Starting off with GEMM tests, the RTX 2070's tensor cores are pulled into action with half-precision matrix multiplication, though using binaries originally compiled for Volta. Because Turing is backwards compatible and in the same compute capability family as Volta (sm_75 compared to Volta's sm_70), the benchmark continues to work out-of-the-box, though without any Turing optimizations.
At reference specifications, peak theoretical tensor throughput is around 107.6 TFLOPS for the RTX 2080 Ti, 80.5 TFLOPS for the RTX 2080, and 59.7 TFLOPS for the RTX 2070. Unlike the 89% efficiency with the Titan V's 97.5 TFLOPS, the RTX cards are essentially at half that level, with around 47%, 48%, and 45% efficiency for the RTX 2080 Ti, 2080, and 2070 respectively.
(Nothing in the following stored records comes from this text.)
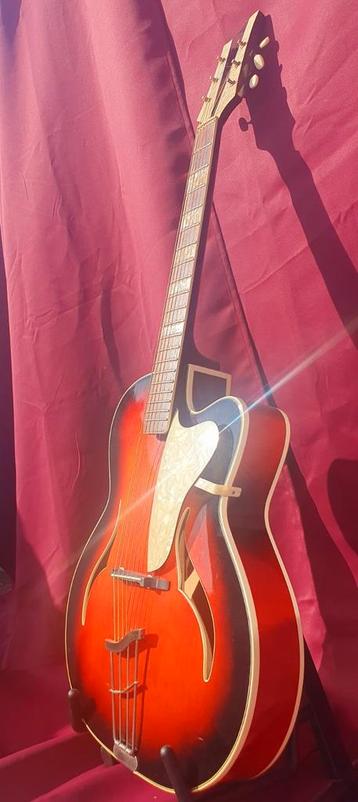 50's Klira Patricia archtop/jazzgitaar beschikbaar voor biedingen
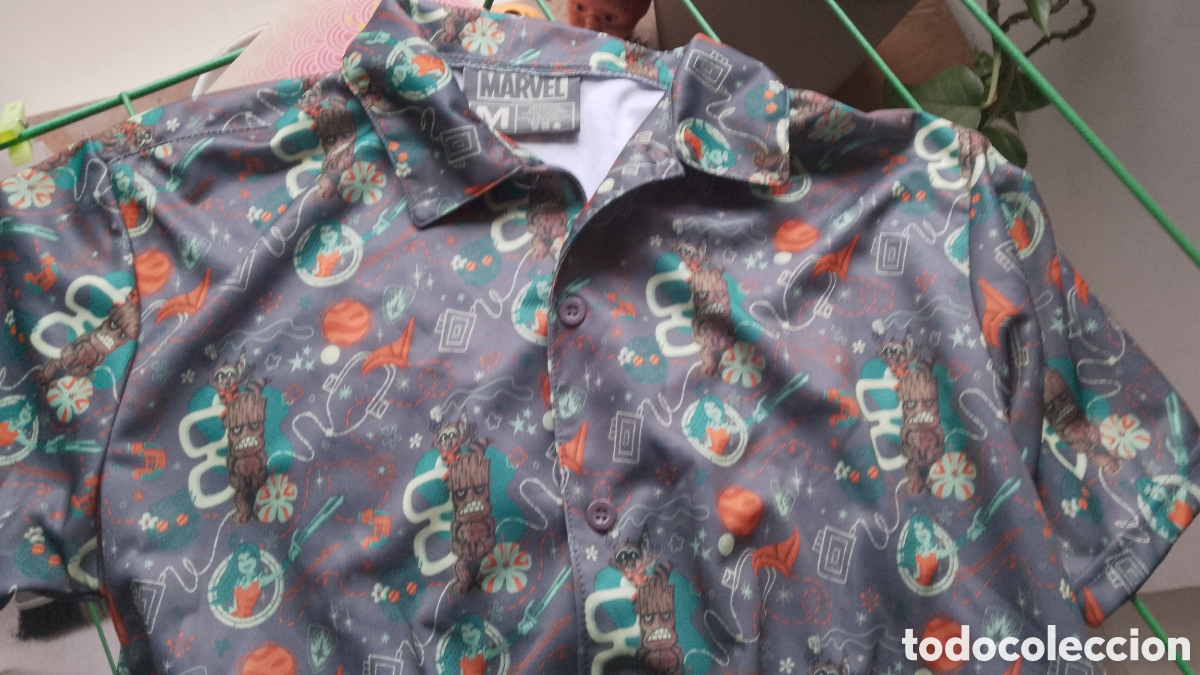 Segunda mano: MARVEL . CAMISA .. LOOTWER EXLUVIE CREW - Foto 1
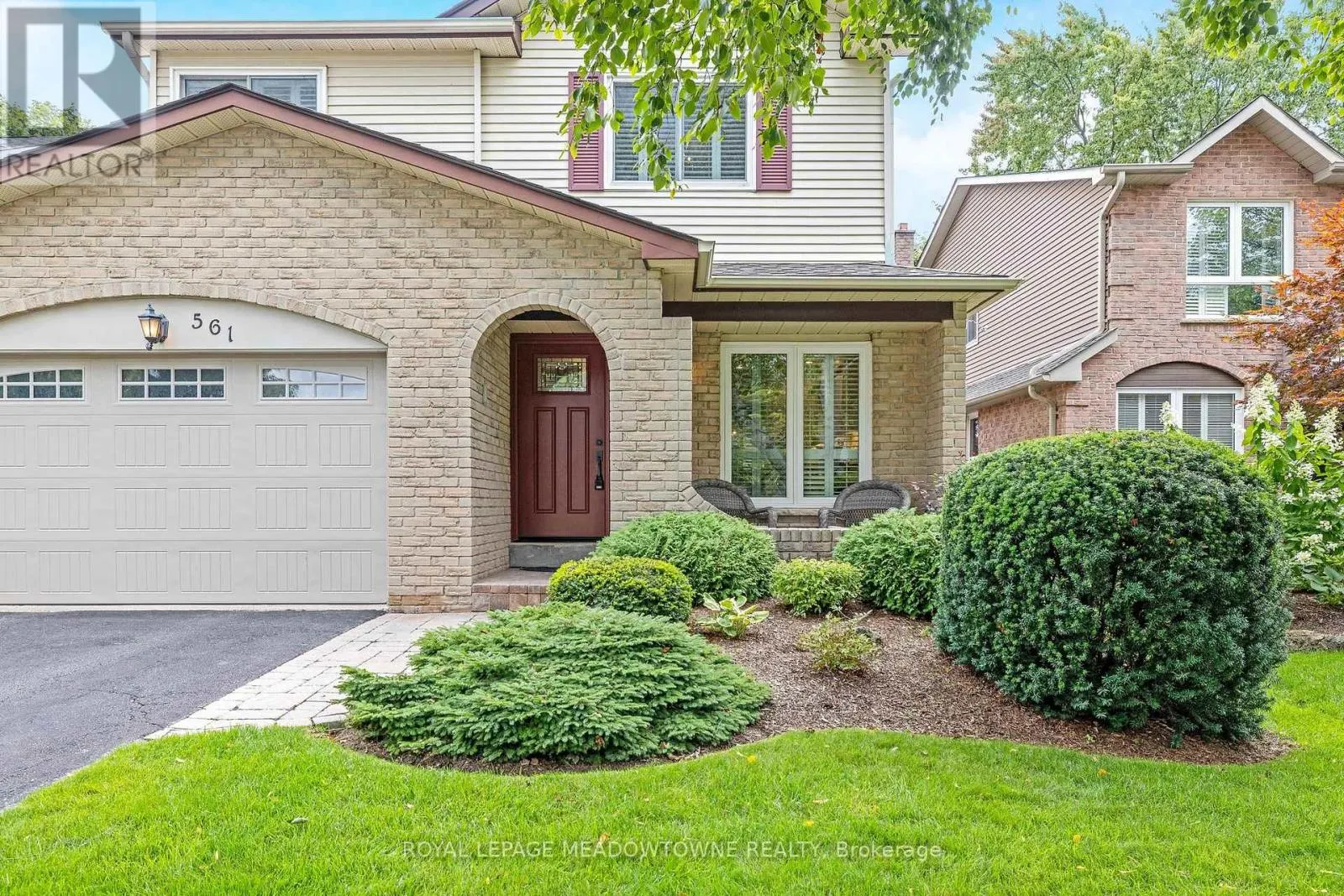 561 HAWTHORNE CRESCENT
A Turing-optimized binary should bring that up, though it is possible that the GeForce RTX cards may not be designed for efficient tensor FP16 operations as opposed to the INT dot-product acceleration. After all, the GeForce RTX cards are for consumers and ostensibly intended for inferencing rather than training, which is the reasoning for the new INT support in Turing tensor cores.
In terms of SGEMM efficiency though, the RTX 2070 is hitting a ridiculous 97% of its touted 7.5 TFLOPS, though to be fair the reference specifications here are done manually rather with a reference vBIOS. The other two GeForce RTX cards are at similar 90+% levels of efficiency, though a GEMM test like this is specifically designed for maximum utilization.
The breakdown of the GB4 subscores seems to reveal a similar uplift like we spotted with the Titan V, which had scored in excess of 509,000 points. We'll have to investigate further but Turing and Volta are clearly accelerating some of these workloads beyond what was capable in Pascal and Maxwell.
Given that TU106 has 75% of the hardware resources of TU104, the tessellation performance is in line with expectrations. For reference, we noted earlier that the Titan V scored 703 while the Titan Xp scored 604.